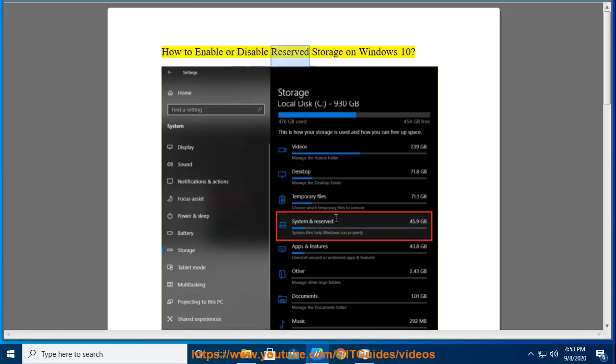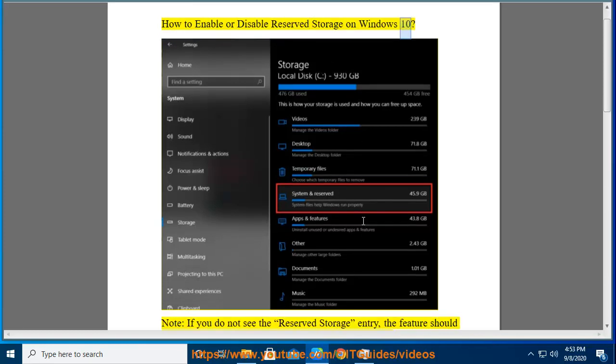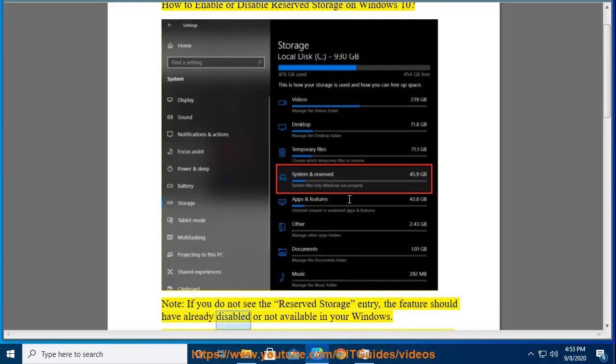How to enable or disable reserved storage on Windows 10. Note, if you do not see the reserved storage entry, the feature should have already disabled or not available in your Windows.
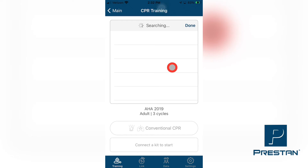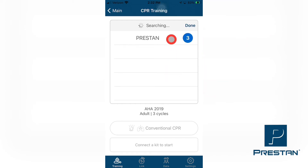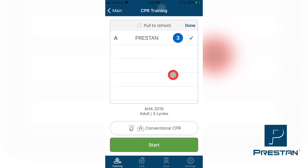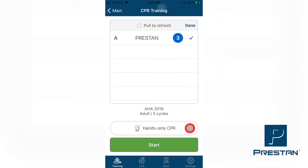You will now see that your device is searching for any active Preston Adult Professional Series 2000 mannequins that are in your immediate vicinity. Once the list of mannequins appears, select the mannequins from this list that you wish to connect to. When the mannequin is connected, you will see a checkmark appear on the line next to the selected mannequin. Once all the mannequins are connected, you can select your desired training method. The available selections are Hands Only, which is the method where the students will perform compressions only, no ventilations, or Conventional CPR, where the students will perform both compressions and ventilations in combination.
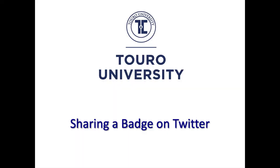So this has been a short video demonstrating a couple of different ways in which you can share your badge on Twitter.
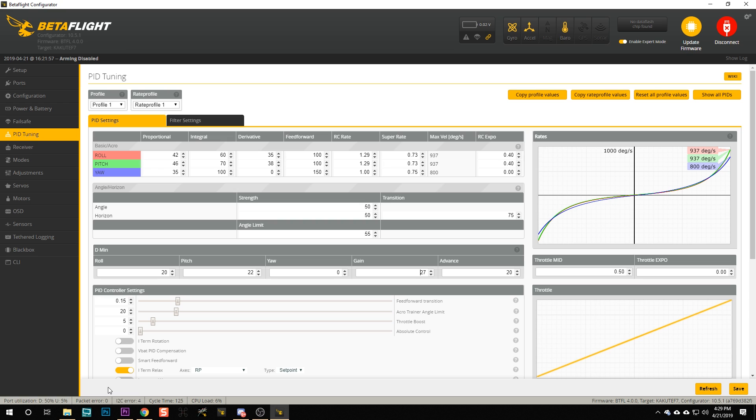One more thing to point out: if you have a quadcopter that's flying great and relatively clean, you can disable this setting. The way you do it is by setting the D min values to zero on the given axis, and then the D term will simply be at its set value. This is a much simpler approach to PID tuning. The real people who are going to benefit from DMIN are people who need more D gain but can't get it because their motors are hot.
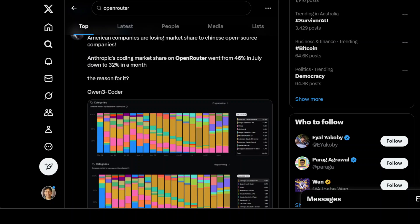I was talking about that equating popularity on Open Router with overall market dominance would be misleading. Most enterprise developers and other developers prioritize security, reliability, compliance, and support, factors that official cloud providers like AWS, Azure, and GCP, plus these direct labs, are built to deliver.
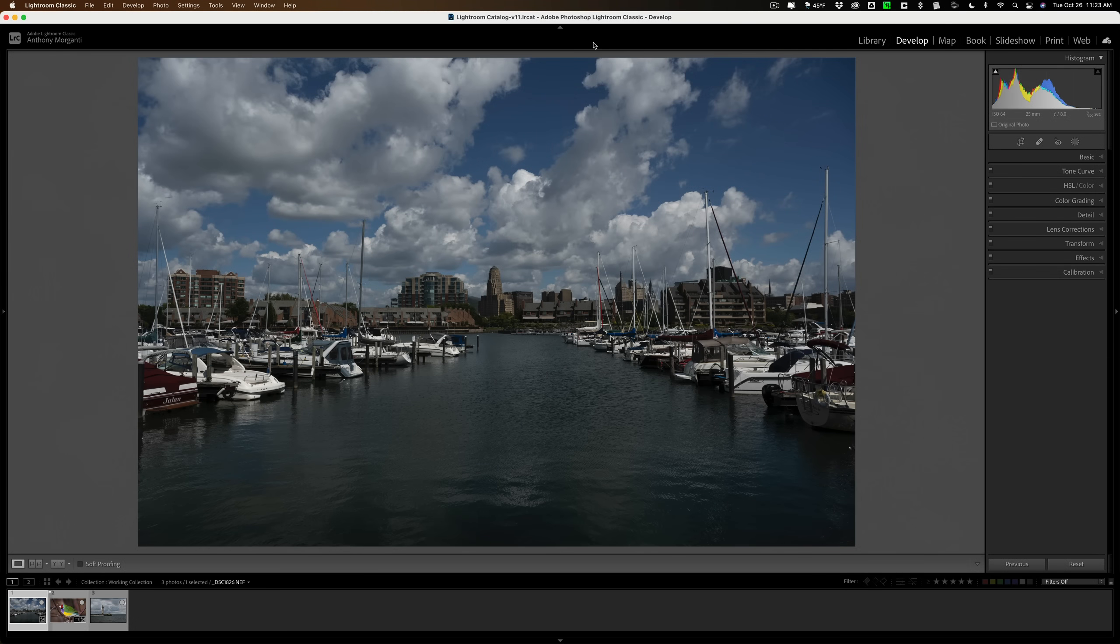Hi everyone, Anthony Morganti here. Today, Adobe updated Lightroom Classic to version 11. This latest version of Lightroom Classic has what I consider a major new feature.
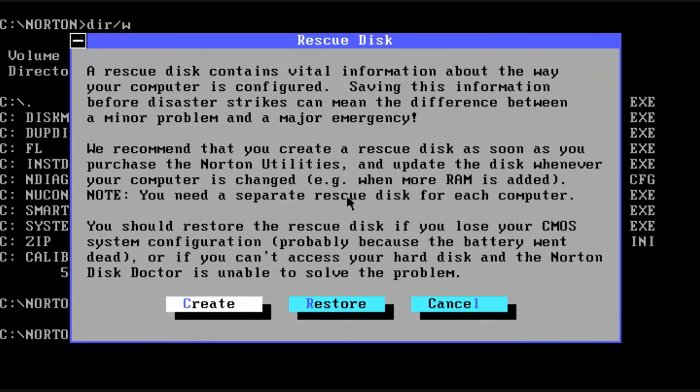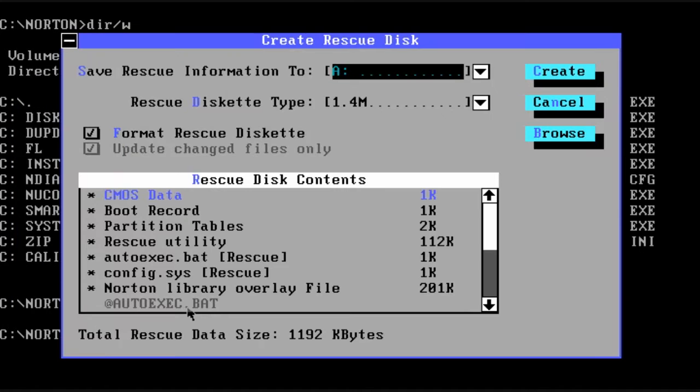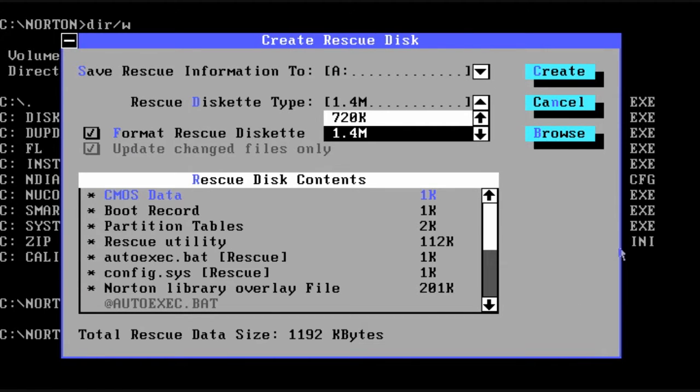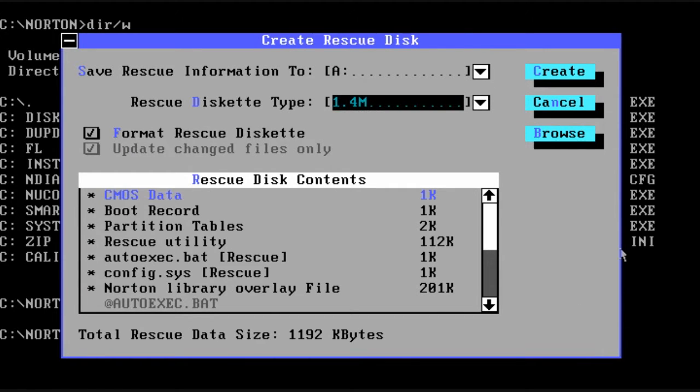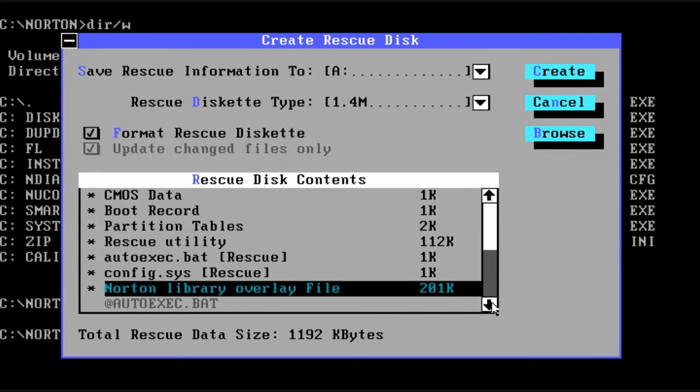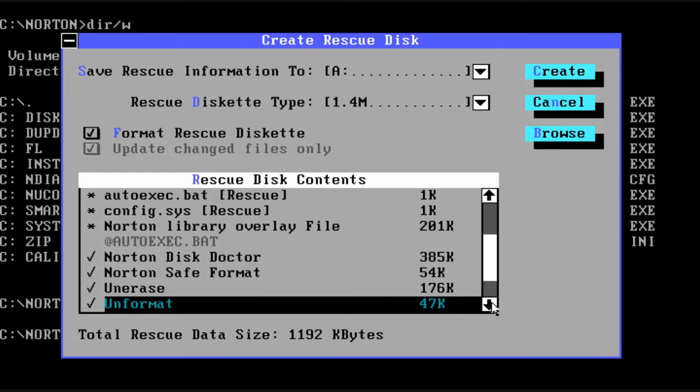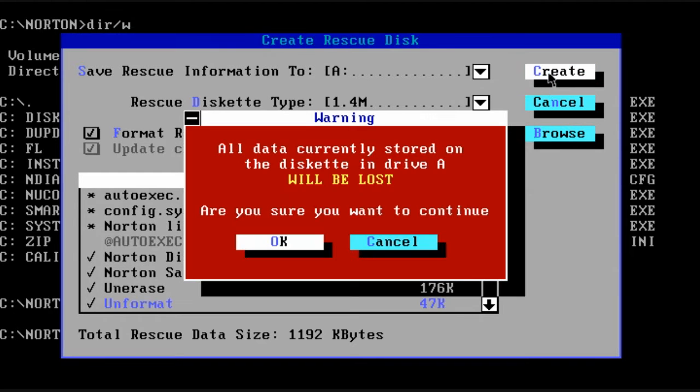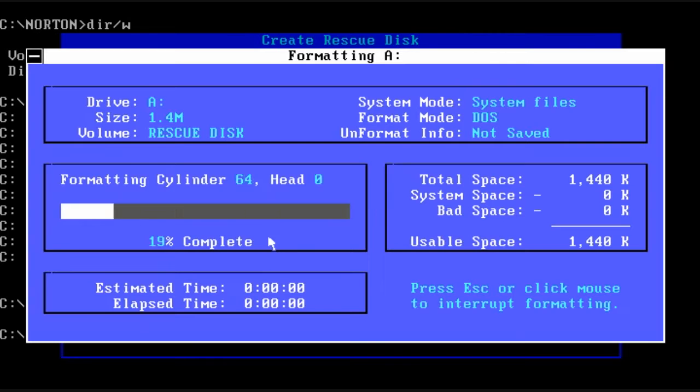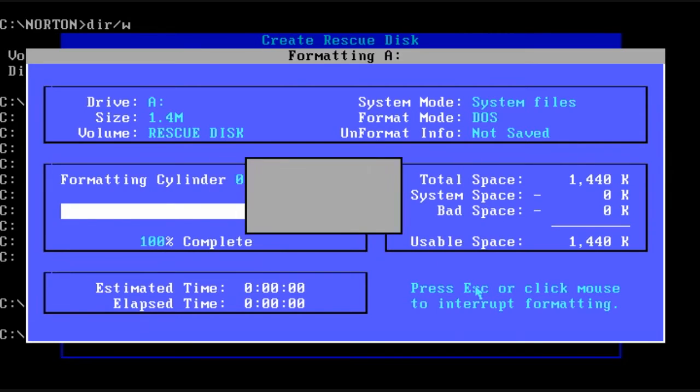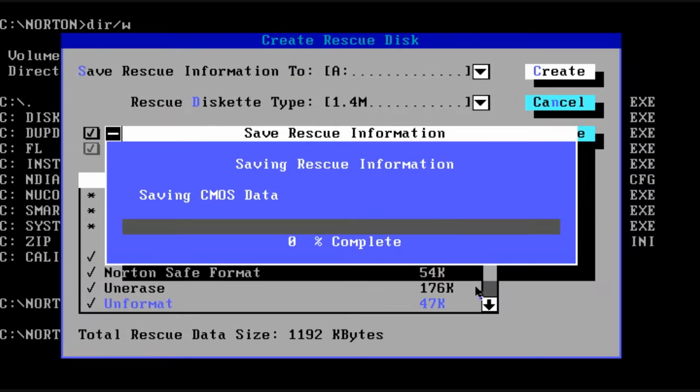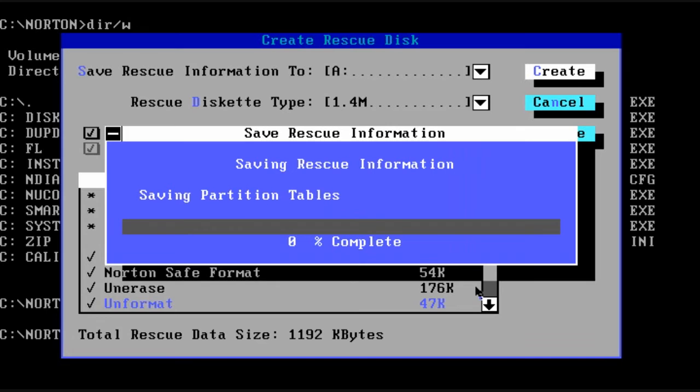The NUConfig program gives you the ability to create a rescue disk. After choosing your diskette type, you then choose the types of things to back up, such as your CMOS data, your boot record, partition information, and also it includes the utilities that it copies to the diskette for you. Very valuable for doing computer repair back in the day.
##########
Skipping any pictures, transcribe the full listing exactly.

How to enable or disable reserved storage on Windows 10. Note, if you do not see the reserved storage entry, the feature should have already disabled or not available in your Windows.
You will now see that your device is searching for any active Preston Adult Professional Series 2000 mannequins that are in your immediate vicinity. Once the list of mannequins appears, select the mannequins from this list that you wish to connect to. When the mannequin is connected, you will see a checkmark appear on the line next to the selected mannequin. Once all the mannequins are connected, you can select your desired training method. The available selections are Hands Only, which is the method where the students will perform compressions only, no ventilations, or Conventional CPR, where the students will perform both compressions and ventilations in combination.
So this has been a short video demonstrating a couple of different ways in which you can share your badge on Twitter.
One more thing to point out: if you have a quadcopter that's flying great and relatively clean, you can disable this setting. The way you do it is by setting the D min values to zero on the given axis, and then the D term will simply be at its set value. This is a much simpler approach to PID tuning. The real people who are going to benefit from DMIN are people who need more D gain but can't get it because their motors are hot.
I was talking about that equating popularity on Open Router with overall market dominance would be misleading. Most enterprise developers and other developers prioritize security, reliability, compliance, and support, factors that official cloud providers like AWS, Azure, and GCP, plus these direct labs, are built to deliver.
Hi everyone, Anthony Morganti here. Today, Adobe updated Lightroom Classic to version 11. This latest version of Lightroom Classic has what I consider a major new feature.
The NUConfig program gives you the ability to create a rescue disk. After choosing your diskette type, you then choose the types of things to back up, such as your CMOS data, your boot record, partition information, and also it includes the utilities that it copies to the diskette for you. Very valuable for doing computer repair back in the day.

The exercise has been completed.